- **EXERCISE BRIEF**:
Each record is to be repeated exactly as it stands below.

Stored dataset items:
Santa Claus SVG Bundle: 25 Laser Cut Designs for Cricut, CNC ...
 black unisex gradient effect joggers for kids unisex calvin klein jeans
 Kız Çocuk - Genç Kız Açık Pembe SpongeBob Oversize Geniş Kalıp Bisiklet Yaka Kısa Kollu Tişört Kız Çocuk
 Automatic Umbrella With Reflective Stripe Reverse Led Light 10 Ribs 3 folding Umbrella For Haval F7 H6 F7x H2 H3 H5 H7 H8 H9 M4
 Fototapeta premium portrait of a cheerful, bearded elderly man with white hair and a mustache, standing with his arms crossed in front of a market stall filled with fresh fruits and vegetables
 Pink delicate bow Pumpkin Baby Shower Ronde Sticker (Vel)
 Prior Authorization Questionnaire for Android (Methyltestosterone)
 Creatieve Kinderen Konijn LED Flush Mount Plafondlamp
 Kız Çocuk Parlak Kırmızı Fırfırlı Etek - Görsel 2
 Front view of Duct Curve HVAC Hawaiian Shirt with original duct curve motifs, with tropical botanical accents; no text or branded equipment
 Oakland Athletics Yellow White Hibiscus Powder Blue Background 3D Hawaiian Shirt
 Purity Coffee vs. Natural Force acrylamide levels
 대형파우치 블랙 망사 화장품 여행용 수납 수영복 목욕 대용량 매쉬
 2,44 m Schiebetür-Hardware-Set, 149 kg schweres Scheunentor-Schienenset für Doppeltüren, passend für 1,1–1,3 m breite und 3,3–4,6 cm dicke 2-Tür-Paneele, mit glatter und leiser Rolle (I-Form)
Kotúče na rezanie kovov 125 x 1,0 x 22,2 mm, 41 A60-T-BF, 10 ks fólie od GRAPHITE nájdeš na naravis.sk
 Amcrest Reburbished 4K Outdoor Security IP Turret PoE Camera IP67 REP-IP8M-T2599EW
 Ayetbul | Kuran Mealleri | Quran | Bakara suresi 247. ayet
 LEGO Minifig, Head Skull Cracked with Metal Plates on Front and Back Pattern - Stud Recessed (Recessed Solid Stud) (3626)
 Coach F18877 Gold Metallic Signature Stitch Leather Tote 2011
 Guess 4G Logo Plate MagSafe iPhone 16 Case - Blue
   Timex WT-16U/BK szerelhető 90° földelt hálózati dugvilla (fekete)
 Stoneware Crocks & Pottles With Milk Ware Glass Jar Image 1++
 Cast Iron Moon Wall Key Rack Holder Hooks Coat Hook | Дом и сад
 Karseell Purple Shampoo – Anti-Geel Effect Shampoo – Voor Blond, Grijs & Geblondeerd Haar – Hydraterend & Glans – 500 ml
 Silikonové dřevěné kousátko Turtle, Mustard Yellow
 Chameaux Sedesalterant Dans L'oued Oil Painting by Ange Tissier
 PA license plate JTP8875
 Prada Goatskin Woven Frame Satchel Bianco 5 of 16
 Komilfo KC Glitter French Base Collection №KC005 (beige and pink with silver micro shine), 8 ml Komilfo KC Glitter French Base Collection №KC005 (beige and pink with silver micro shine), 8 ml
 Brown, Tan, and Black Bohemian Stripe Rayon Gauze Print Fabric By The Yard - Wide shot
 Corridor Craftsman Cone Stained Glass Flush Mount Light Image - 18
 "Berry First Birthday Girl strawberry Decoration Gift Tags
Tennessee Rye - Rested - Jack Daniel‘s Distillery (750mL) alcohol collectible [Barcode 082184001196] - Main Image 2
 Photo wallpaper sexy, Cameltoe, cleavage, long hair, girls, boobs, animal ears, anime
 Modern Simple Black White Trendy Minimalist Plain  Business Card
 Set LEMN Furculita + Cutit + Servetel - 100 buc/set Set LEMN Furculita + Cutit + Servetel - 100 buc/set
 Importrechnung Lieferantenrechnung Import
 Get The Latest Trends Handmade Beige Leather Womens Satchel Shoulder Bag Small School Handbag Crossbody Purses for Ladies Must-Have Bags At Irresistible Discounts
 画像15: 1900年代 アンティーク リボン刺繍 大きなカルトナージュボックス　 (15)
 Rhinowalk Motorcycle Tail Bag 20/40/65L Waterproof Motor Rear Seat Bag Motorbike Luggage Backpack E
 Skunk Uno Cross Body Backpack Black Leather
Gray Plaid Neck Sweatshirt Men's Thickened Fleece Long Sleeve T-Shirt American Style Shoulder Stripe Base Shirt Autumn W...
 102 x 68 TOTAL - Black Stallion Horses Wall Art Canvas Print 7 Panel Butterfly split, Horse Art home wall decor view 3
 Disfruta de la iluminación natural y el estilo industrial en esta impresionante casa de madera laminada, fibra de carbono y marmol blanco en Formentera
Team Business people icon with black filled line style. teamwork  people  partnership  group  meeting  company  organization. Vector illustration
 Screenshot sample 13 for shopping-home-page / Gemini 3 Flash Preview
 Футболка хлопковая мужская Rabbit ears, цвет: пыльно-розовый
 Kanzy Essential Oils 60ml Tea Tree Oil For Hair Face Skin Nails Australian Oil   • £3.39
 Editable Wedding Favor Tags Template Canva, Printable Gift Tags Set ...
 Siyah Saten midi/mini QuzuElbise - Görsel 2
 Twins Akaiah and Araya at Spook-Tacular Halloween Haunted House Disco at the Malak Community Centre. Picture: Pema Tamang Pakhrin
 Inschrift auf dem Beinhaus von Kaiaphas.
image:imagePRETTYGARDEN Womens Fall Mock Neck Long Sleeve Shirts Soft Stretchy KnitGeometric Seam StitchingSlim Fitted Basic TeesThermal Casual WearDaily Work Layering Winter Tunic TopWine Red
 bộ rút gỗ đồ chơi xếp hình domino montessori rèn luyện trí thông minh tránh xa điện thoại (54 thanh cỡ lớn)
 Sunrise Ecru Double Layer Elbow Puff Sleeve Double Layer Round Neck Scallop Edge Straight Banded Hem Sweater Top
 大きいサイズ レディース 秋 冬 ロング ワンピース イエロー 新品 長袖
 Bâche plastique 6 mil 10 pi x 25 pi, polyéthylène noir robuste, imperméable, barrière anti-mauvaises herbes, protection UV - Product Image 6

- **YOUR SOLUTION**:
Santa Claus SVG Bundle: 25 Laser Cut Designs for Cricut, CNC ...
 black unisex gradient effect joggers for kids unisex calvin klein jeans
 Kız Çocuk - Genç Kız Açık Pembe SpongeBob Oversize Geniş Kalıp Bisiklet Yaka Kısa Kollu Tişört Kız Çocuk
 Automatic Umbrella With Reflective Stripe Reverse Led Light 10 Ribs 3 folding Umbrella For Haval F7 H6 F7x H2 H3 H5 H7 H8 H9 M4
 Fototapeta premium portrait of a cheerful, bearded elderly man with white hair and a mustache, standing with his arms crossed in front of a market stall filled with fresh fruits and vegetables
 Pink delicate bow Pumpkin Baby Shower Ronde Sticker (Vel)
 Prior Authorization Questionnaire for Android (Methyltestosterone)
 Creatieve Kinderen Konijn LED Flush Mount Plafondlamp
 Kız Çocuk Parlak Kırmızı Fırfırlı Etek - Görsel 2
 Front view of Duct Curve HVAC Hawaiian Shirt with original duct curve motifs, with tropical botanical accents; no text or branded equipment
 Oakland Athletics Yellow White Hibiscus Powder Blue Background 3D Hawaiian Shirt
 Purity Coffee vs. Natural Force acrylamide levels
 대형파우치 블랙 망사 화장품 여행용 수납 수영복 목욕 대용량 매쉬
 2,44 m Schiebetür-Hardware-Set, 149 kg schweres Scheunentor-Schienenset für Doppeltüren, passend für 1,1–1,3 m breite und 3,3–4,6 cm dicke 2-Tür-Paneele, mit glatter und leiser Rolle (I-Form)
Kotúče na rezanie kovov 125 x 1,0 x 22,2 mm, 41 A60-T-BF, 10 ks fólie od GRAPHITE nájdeš na naravis.sk
 Amcrest Reburbished 4K Outdoor Security IP Turret PoE Camera IP67 REP-IP8M-T2599EW
 Ayetbul | Kuran Mealleri | Quran | Bakara suresi 247. ayet
 LEGO Minifig, Head Skull Cracked with Metal Plates on Front and Back Pattern - Stud Recessed (Recessed Solid Stud) (3626)
 Coach F18877 Gold Metallic Signature Stitch Leather Tote 2011
 Guess 4G Logo Plate MagSafe iPhone 16 Case - Blue
   Timex WT-16U/BK szerelhető 90° földelt hálózati dugvilla (fekete)
 Stoneware Crocks & Pottles With Milk Ware Glass Jar Image 1++
 Cast Iron Moon Wall Key Rack Holder Hooks Coat Hook | Дом и сад
 Karseell Purple Shampoo – Anti-Geel Effect Shampoo – Voor Blond, Grijs & Geblondeerd Haar – Hydraterend & Glans – 500 ml
 Silikonové dřevěné kousátko Turtle, Mustard Yellow
 Chameaux Sedesalterant Dans L'oued Oil Painting by Ange Tissier
 PA license plate JTP8875
 Prada Goatskin Woven Frame Satchel Bianco 5 of 16
 Komilfo KC Glitter French Base Collection №KC005 (beige and pink with silver micro shine), 8 ml Komilfo KC Glitter French Base Collection №KC005 (beige and pink with silver micro shine), 8 ml
 Brown, Tan, and Black Bohemian Stripe Rayon Gauze Print Fabric By The Yard - Wide shot
 Corridor Craftsman Cone Stained Glass Flush Mount Light Image - 18
 "Berry First Birthday Girl strawberry Decoration Gift Tags
Tennessee Rye - Rested - Jack Daniel‘s Distillery (750mL) alcohol collectible [Barcode 082184001196] - Main Image 2
 Photo wallpaper sexy, Cameltoe, cleavage, long hair, girls, boobs, animal ears, anime
 Modern Simple Black White Trendy Minimalist Plain  Business Card
 Set LEMN Furculita + Cutit + Servetel - 100 buc/set Set LEMN Furculita + Cutit + Servetel - 100 buc/set
 Importrechnung Lieferantenrechnung Import
 Get The Latest Trends Handmade Beige Leather Womens Satchel Shoulder Bag Small School Handbag Crossbody Purses for Ladies Must-Have Bags At Irresistible Discounts
 画像15: 1900年代 アンティーク リボン刺繍 大きなカルトナージュボックス　 (15)
 Rhinowalk Motorcycle Tail Bag 20/40/65L Waterproof Motor Rear Seat Bag Motorbike Luggage Backpack E
 Skunk Uno Cross Body Backpack Black Leather
Gray Plaid Neck Sweatshirt Men's Thickened Fleece Long Sleeve T-Shirt American Style Shoulder Stripe Base Shirt Autumn W...
 102 x 68 TOTAL - Black Stallion Horses Wall Art Canvas Print 7 Panel Butterfly split, Horse Art home wall decor view 3
 Disfruta de la iluminación natural y el estilo industrial en esta impresionante casa de madera laminada, fibra de carbono y marmol blanco en Formentera
Team Business people icon with black filled line style. teamwork  people  partnership  group  meeting  company  organization. Vector illustration
 Screenshot sample 13 for shopping-home-page / Gemini 3 Flash Preview
 Футболка хлопковая мужская Rabbit ears, цвет: пыльно-розовый
 Kanzy Essential Oils 60ml Tea Tree Oil For Hair Face Skin Nails Australian Oil   • £3.39
 Editable Wedding Favor Tags Template Canva, Printable Gift Tags Set ...
 Siyah Saten midi/mini QuzuElbise - Görsel 2
 Twins Akaiah and Araya at Spook-Tacular Halloween Haunted House Disco at the Malak Community Centre. Picture: Pema Tamang Pakhrin
 Inschrift auf dem Beinhaus von Kaiaphas.
image:imagePRETTYGARDEN Womens Fall Mock Neck Long Sleeve Shirts Soft Stretchy KnitGeometric Seam StitchingSlim Fitted Basic TeesThermal Casual WearDaily Work Layering Winter Tunic TopWine Red
 bộ rút gỗ đồ chơi xếp hình domino montessori rèn luyện trí thông minh tránh xa điện thoại (54 thanh cỡ lớn)
 Sunrise Ecru Double Layer Elbow Puff Sleeve Double Layer Round Neck Scallop Edge Straight Banded Hem Sweater Top
 大きいサイズ レディース 秋 冬 ロング ワンピース イエロー 新品 長袖
 Bâche plastique 6 mil 10 pi x 25 pi, polyéthylène noir robuste, imperméable, barrière anti-mauvaises herbes, protection UV - Product Image 6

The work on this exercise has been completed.